Victor Michael Melnikoff, lawyer, dance gala impresario (born at Shanghai, China 10 Feb 1944, died at Montréal 6 April 2010). Victor Melnikoff was the second of 3 sons born to Mikhail Melnikoff and Faina Rubin, Russian émigrés in Shanghai, where Mikhail operated a photography studio. Victor Melnikoff received his initial primary school education in English, but his knowledge of spoken Russian learned at home became a useful tool years later in recruiting Russian star dancers for his galas. In 1952, after 3 years of living under China's Communist rule, the Melnikoff family moved to Montréal.
A rebellious adolescent during the culturally iconoclastic early 1960s, Melnikoff was sent to live with his older brother in Sacramento, Ca, where he graduated from Bishop Armstrong School, a Catholic school noted for discipline. Back in Montréal, Melnikoff earned a Bachelor of Arts from Sir George Williams (later Concordia) University and, in 1970, a Bachelor of Civil Law at McGill University.
In 1980 Victor Melnikoff saw the Montréal-based Eddy TOUSSAINT Ballet perform on the French islands of Guadeloupe.
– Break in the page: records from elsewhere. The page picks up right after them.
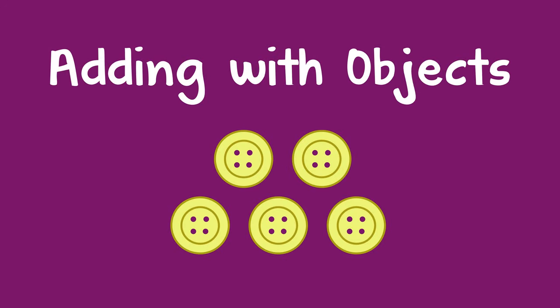You can help a child learn about adding by using any small objects, like buttons.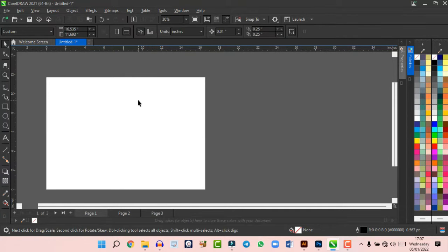When trimming, the selection order matters — the shape you click first is the one that gets trimmed by the other. Intersect extracts the overlapping area between two shapes, which is great for isolating a specific portion of one object from another. Study each of these options to understand exactly what they do.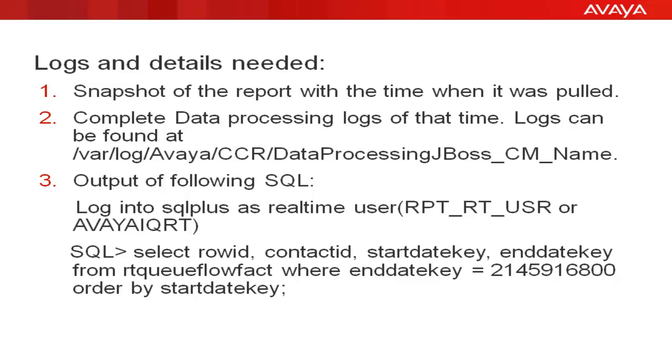The user will be real-time user, that is RPT_RT_USER for software only solution, or AVAYAIQRT for the turnkey solution. Let me login into the lab box and show the steps.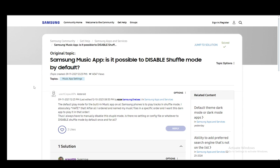Hey everybody, what is going on? I hope you guys are all doing well and welcome to another tutorial video. In this video, I'll be explaining to you guys how you can disable shuffle mode on Samsung Music, so let's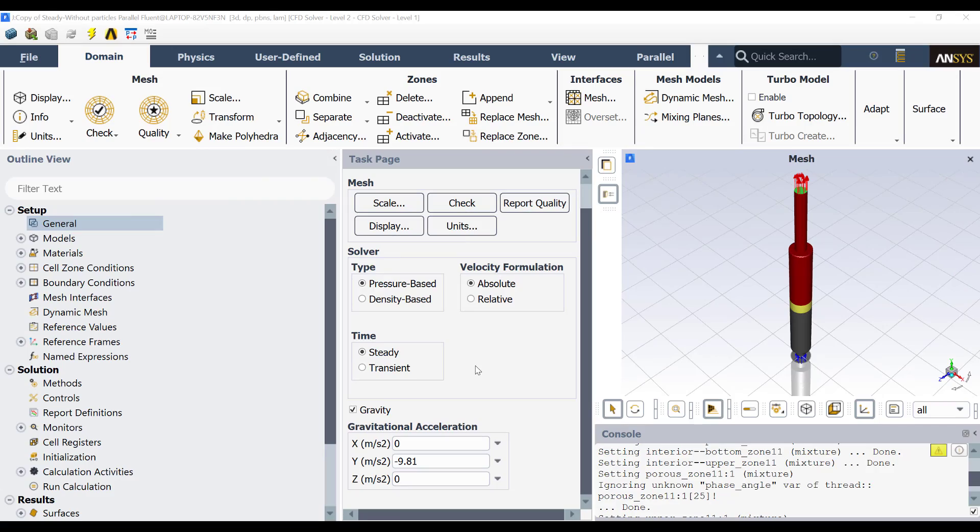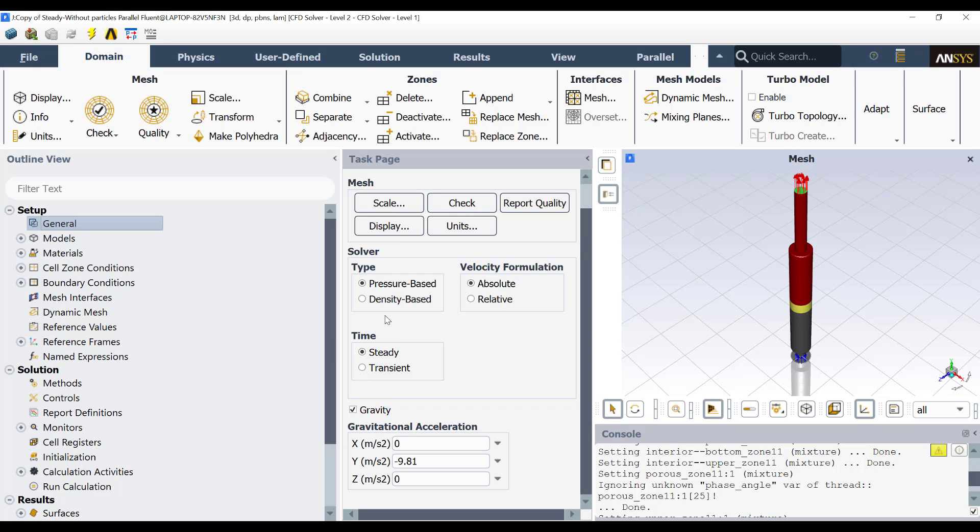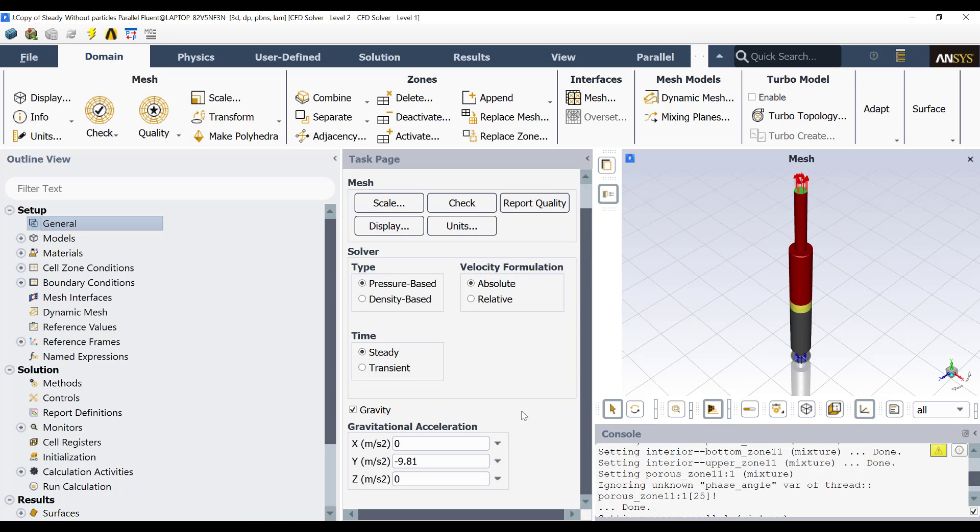Once the mesh is performed, then we need to go into Fluent. Then we are here in the setup of Fluent. If we double click here in general, we will see that we have a pressure-based solver and steady-state formulation. I have enabled the gravity because when I am going to inject particles, then this will be a multiphase flow. Then the gravity has an important impact over the bioreactor performance.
Two years later he married one of the company's dancers, Nathalie Grosshenny, who would contribute largely to the success of the Melnikoff galas through her fundraising, dancer recruitment and social contacts. The idea for a charity benefit gala called the Don des Étoiles was first proposed by Daniel Seilliers, a ballet teacher at Montréal's École superieure de danse du Quebec, and by Phillipe Druelle, a French osteopath who treated dancers. In 1986 in Salle Wilfrid-Pelletier of Montréal's PLACE DES ARTS, Seilliers and Druelle staged the first Don des Étoiles to benefit osteopath research. Financially it was not a success, but the Melnikoffs saw the show's potential, took over its production and staged the Don des Étoiles the following year, again in part to aid osteopath research.
The Melnikoffs assembled a gala volunteer committee that included corporate and society leaders and also sought advice from leading members of the dance community such as Ludmilla CHIRIAEFF, founder of Les Grands Ballets Canadiens, and National Ballet of Canada principal dancer Frank AUGUSTYN, who for years would be listed as the gala's artistic adviser.
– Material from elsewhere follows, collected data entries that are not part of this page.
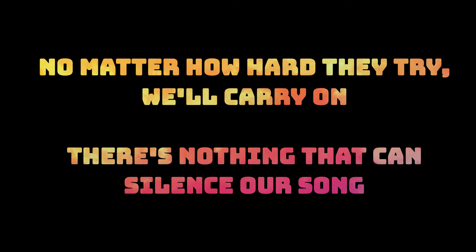Cause we are one, and no matter how hard they try we'll carry on, there's nothing that can silence us all.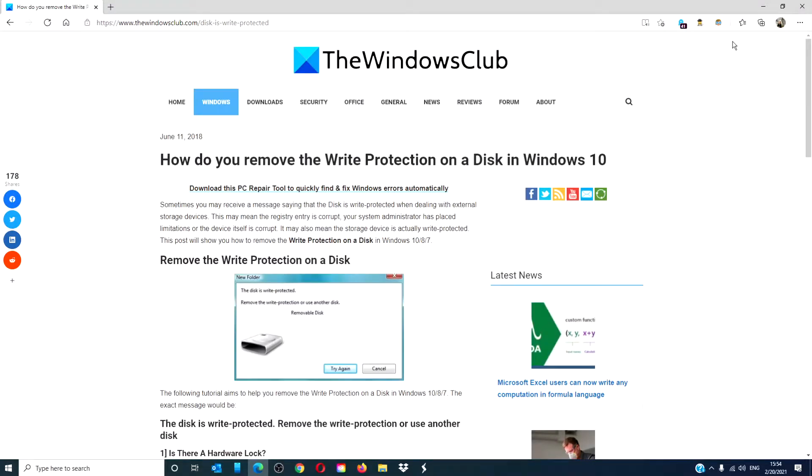Hello, Windows Universe. In this video, we will talk about how to remove write protection on a disk.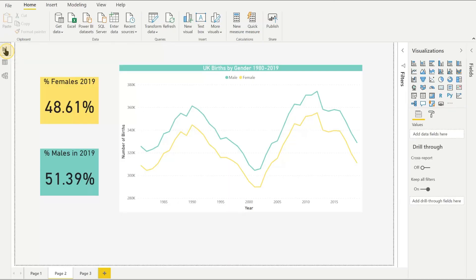If you go back to the report tab the percentages are now displayed correctly.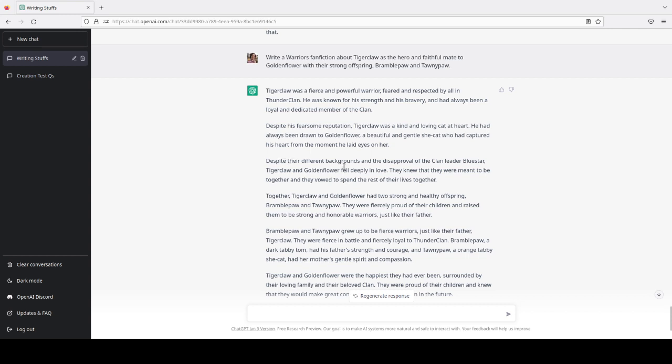Who had captured his heart from the moment he laid eyes on her. Despite their different backgrounds and the disapproval of the clan leader, Bluestar, Tigerclaw and Goldenflower fell deeply in love. They knew they were meant to be together, and they vowed to spend the rest of their lives together.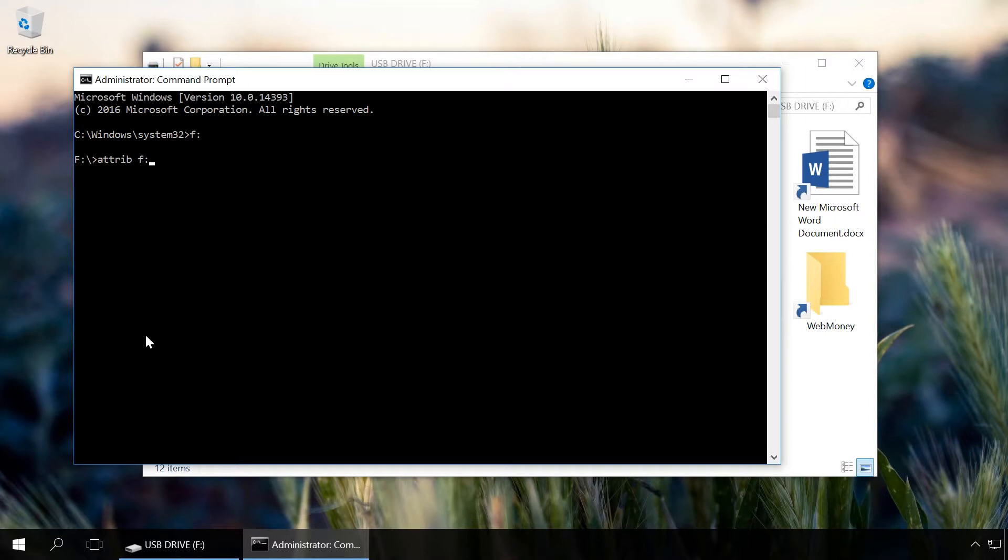Then enter the command attrib f asterisk dot asterisk d shrs and press Enter.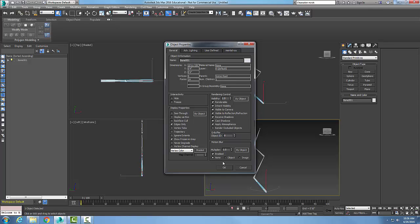So by default, they are not visible in renderings. You have to select them, right click, and go to object properties. Come down here and turn on this renderable to make sure that you can render these items in a rendering.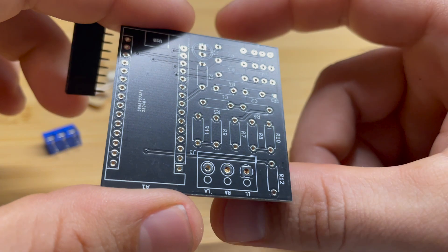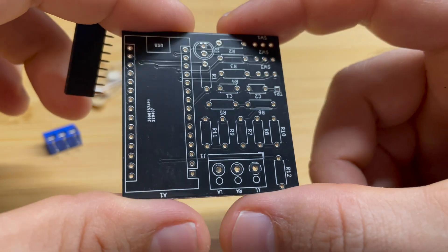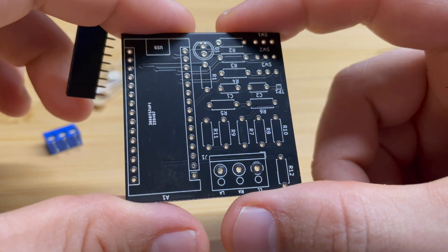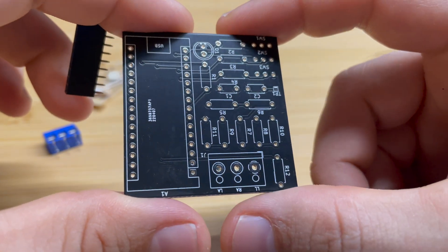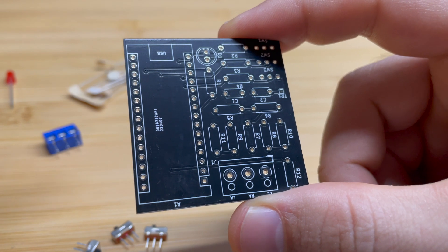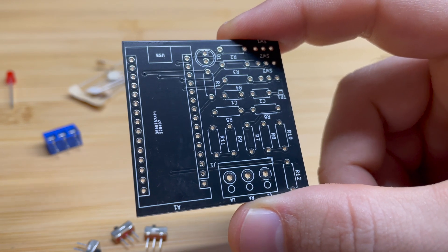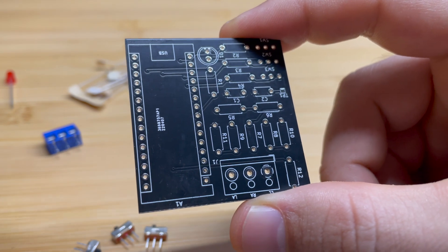The next step is you want to solder your components onto the PCB board. Now if you're not familiar with soldering, please check out my video that talks about how to solder. This is going to tell you everything you need to know to be successful in soldering.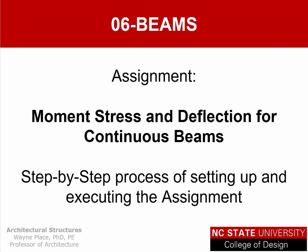This is a quick video to lead you through the assignment on moment stress and deflection for continuous beams. We're going to do the step-by-step process of setting up and executing the assignment.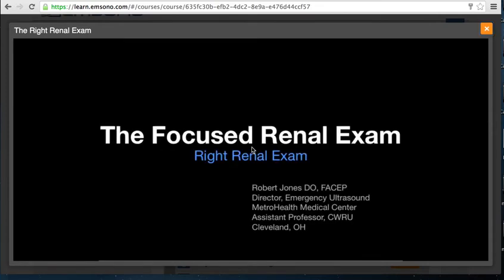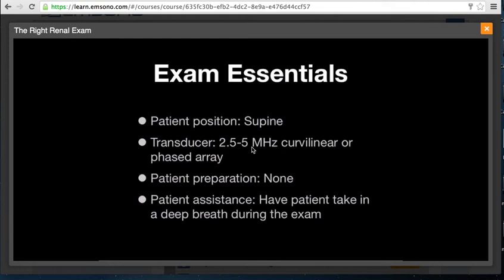I'm Dr. Robert Jones, and in this lecture we will cover the focused renal exam of the right kidney. The renal ultrasound exam on the right as well as on the left is performed with a 2–5 MHz curvilinear or phased array transducer. The phased array transducer would probably provide superior imaging when scanning intercostally. The highest frequency possible should be used: 5 MHz in thin adults, 3.5 MHz in average-sized adults, and 2 MHz in larger adults. No patient preparation is required, though having the patient take a deep breath can move the kidneys more caudal and allow subcostal scanning.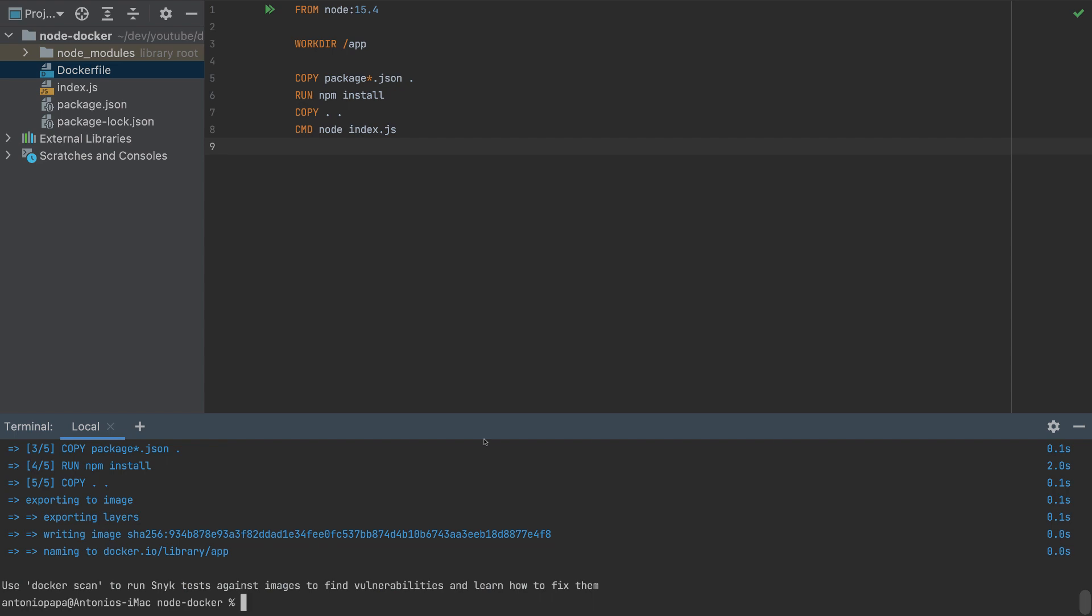It is completed. Now to see the app on our browser, run docker run. We need to specify the port, which we need to run. So 80 is the port inside the Docker container, and then the app is our app.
The gala's roster of Canadian and international ballet stars performing classic duets was unprecedented. Many stars returned year after year. The glamour and high performance quality of the Don des Étoiles made its annual fall appearance an anticipated social event. Part of the gala's artistic attraction was its pairing of star dancers who had never before performed together. Dancers hoping to be in the gala sent demonstration videos to Melnikoff, who studiously crafted the right mix of choreography and performers for a show that for many years ran to 3 hours.
Renamed the Gala des Étoiles in its 7th year, the show's program began to shift from purely classical works to include more contemporary duets and solos, some of which had their world or North American premieres at the Gala. In its last decade, the show included world-class dancers outside ballet, including tango, belly dance and tap. The success of the Montréal Gala led Melnikoff for several years to organize similar galas in Toronto and, with the help of local producers, in Japan, Greece, Hungary, Mexico and Israel.
Separated from his wife in 2002 and facing loss of corporate support as well as personal financial difficulty, Melnikoff staged the Gala that year thanks only to the generosity of dancers who donated their talents, a sign of their esteem for his show. But with the subsequent cancellation of the dinner/dance, the Gala lost much of its society cachet. The final Gala des Étoiles was held in Montréal in 2009. In 2010, while Melnikoff was planning the next Gala, he was hospitalized for heart and liver ailments; he died 2 weeks later.
Victor Melnikoff became a member of the ORDER OF CANADA in 1992 and received Russia's Diaghilev Medal in 1997 for his work as an impresario.